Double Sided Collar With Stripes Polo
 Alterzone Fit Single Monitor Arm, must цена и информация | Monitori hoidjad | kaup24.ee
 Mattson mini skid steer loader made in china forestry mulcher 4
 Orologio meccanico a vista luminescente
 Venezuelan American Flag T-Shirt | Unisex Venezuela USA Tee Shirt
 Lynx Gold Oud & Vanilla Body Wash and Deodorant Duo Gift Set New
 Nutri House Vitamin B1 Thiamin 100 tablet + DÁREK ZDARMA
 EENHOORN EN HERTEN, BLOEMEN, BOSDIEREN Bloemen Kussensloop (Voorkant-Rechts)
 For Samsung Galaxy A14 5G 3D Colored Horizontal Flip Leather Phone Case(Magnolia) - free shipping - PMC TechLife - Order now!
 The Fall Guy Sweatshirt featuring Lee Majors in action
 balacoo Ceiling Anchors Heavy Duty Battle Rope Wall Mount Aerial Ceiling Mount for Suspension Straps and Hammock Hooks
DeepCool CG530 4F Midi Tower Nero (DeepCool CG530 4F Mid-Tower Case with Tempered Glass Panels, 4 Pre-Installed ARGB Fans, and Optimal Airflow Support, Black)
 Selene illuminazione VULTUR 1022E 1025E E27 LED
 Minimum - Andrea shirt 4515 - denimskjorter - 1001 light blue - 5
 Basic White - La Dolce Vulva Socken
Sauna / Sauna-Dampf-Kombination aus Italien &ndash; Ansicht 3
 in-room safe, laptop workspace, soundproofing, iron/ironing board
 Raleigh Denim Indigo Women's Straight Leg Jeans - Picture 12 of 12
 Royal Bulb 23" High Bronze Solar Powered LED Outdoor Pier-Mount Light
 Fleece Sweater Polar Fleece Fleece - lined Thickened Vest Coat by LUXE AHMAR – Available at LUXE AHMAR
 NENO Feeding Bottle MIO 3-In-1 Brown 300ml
..........
**Exercise details:** Every line of the material above should be transcribed as it stands.

**Completed task:**
Double Sided Collar With Stripes Polo
 Alterzone Fit Single Monitor Arm, must цена и информация | Monitori hoidjad | kaup24.ee
 Mattson mini skid steer loader made in china forestry mulcher 4
 Orologio meccanico a vista luminescente
 Venezuelan American Flag T-Shirt | Unisex Venezuela USA Tee Shirt
 Lynx Gold Oud & Vanilla Body Wash and Deodorant Duo Gift Set New
 Nutri House Vitamin B1 Thiamin 100 tablet + DÁREK ZDARMA
 EENHOORN EN HERTEN, BLOEMEN, BOSDIEREN Bloemen Kussensloop (Voorkant-Rechts)
 For Samsung Galaxy A14 5G 3D Colored Horizontal Flip Leather Phone Case(Magnolia) - free shipping - PMC TechLife - Order now!
 The Fall Guy Sweatshirt featuring Lee Majors in action
 balacoo Ceiling Anchors Heavy Duty Battle Rope Wall Mount Aerial Ceiling Mount for Suspension Straps and Hammock Hooks
DeepCool CG530 4F Midi Tower Nero (DeepCool CG530 4F Mid-Tower Case with Tempered Glass Panels, 4 Pre-Installed ARGB Fans, and Optimal Airflow Support, Black)
 Selene illuminazione VULTUR 1022E 1025E E27 LED
 Minimum - Andrea shirt 4515 - denimskjorter - 1001 light blue - 5
 Basic White - La Dolce Vulva Socken
Sauna / Sauna-Dampf-Kombination aus Italien &ndash; Ansicht 3
 in-room safe, laptop workspace, soundproofing, iron/ironing board
 Raleigh Denim Indigo Women's Straight Leg Jeans - Picture 12 of 12
 Royal Bulb 23" High Bronze Solar Powered LED Outdoor Pier-Mount Light
 Fleece Sweater Polar Fleece Fleece - lined Thickened Vest Coat by LUXE AHMAR – Available at LUXE AHMAR
 NENO Feeding Bottle MIO 3-In-1 Brown 300ml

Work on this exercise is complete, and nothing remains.